In this proposal, the complex plane is clearly the more fundamental space. The Riemann sphere cannot be worked with directly; one can only work with the shadow of the Riemann sphere projected back onto the complex plane, one particular projection of which is provided by cproj.

In contrast, Julia allows users to represent the working topology with types rather than explicitly forcing users to choose between the ordinary complex plane and the Riemann sphere. One can write a type (say ExtendedComplex) that mirrors the ordinary Complex type, but operations on it automatically checks for the presence of complex infinities and return a special value or singleton type that is ComplexInf. Another possibility is to define ExtendedComplex without the special value, but simply require that all complex infinities be == to each other, i.e.

Complex(Inf, 0.0) != Complex(Inf, Inf)
ExtendedComplex(Inf, 0.0) == ExtendedComplex(Inf, Inf)

In this way, a programming language can provide the Riemann sphere as a first-class working algebra instead of being accessible indirectly like in C99.

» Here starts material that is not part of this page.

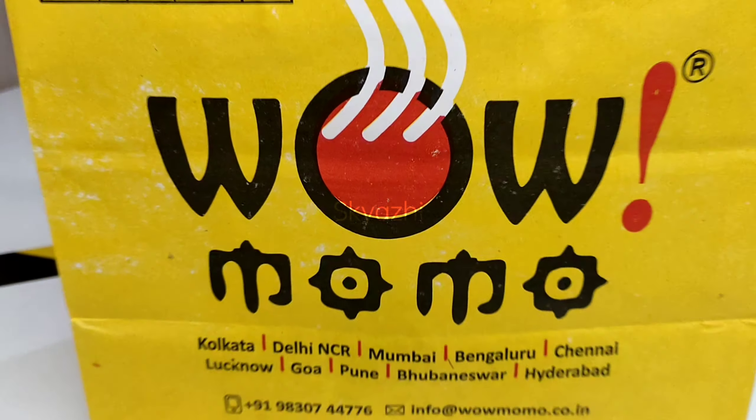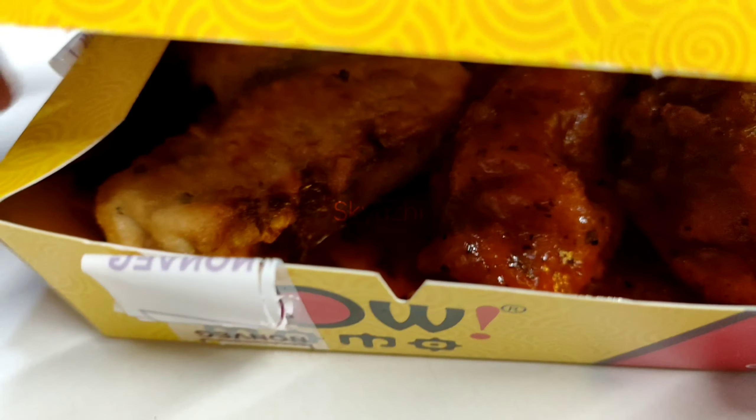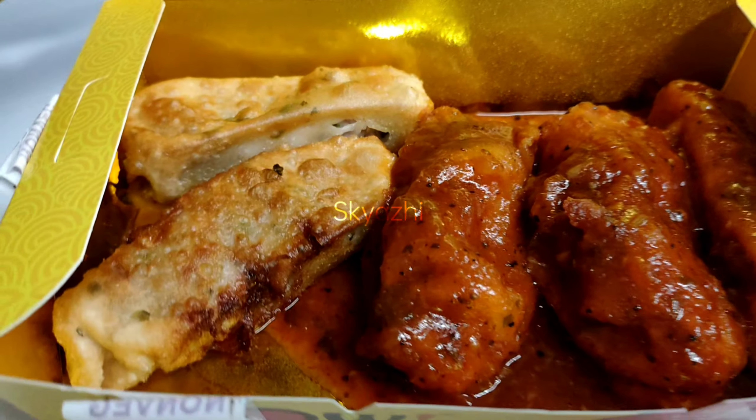Hello and welcome to this video. We are going to talk about Pan-Fried Momos. What is the difference between Pan-Fried Momos and Fried Momos?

The type model is also more composable, should there ever be a need to intermix the two topologies.

Ref: julia-users thread

[alanedelman]

Cute On Jan 10, 2015 6:00 PM, "Jiahao Chen" notifications@github.com wrote:

... is in complex arithmetic.

Should Complex(Inf, 0.0) == Complex(Inf, Inf)?

Sometimes, people want the ordinary complex plane where there are many infinities in all directions away from zero. The direction toward the origin matters. At other times people want the extended complex numbers on the Riemann sphere https://en.wikipedia.org/wiki/Riemann_sphere#Extended_complex_numbers, where there is only one infinity. The direction to the origin does not matter.

Arguably, the need to provide both topologies has stymied attempts to standardize complex arithmetic in programming languages. The C9X proposal N557 http://www.open-std.org/jtc1/sc22/wg14/docs/c9x/complex/ provides the cproj function which normalizes all complex infinities to Inf + 0.0im, as a single canonical representation of complex infinity. The C9X proposal acknowledges that there are use cases for both topologies and thus avoids recommending one or the other. To quote:

"Two topologies are commonly used in complex mathematics: the complex plane with its continuum of infinities and the Riemann sphere with its single infinity. The complex plane is better suited for transcendental functions, the Riemann sphere for algebraic functions. The complex types with their multiplicity of infinities provide a useful (though imperfect) model for the complex plane. The cproj function helps model the Riemann sphere by mapping all infinities to one, and should be used just before any operation, especially comparisons, that might give spurious results for any of the other infinities."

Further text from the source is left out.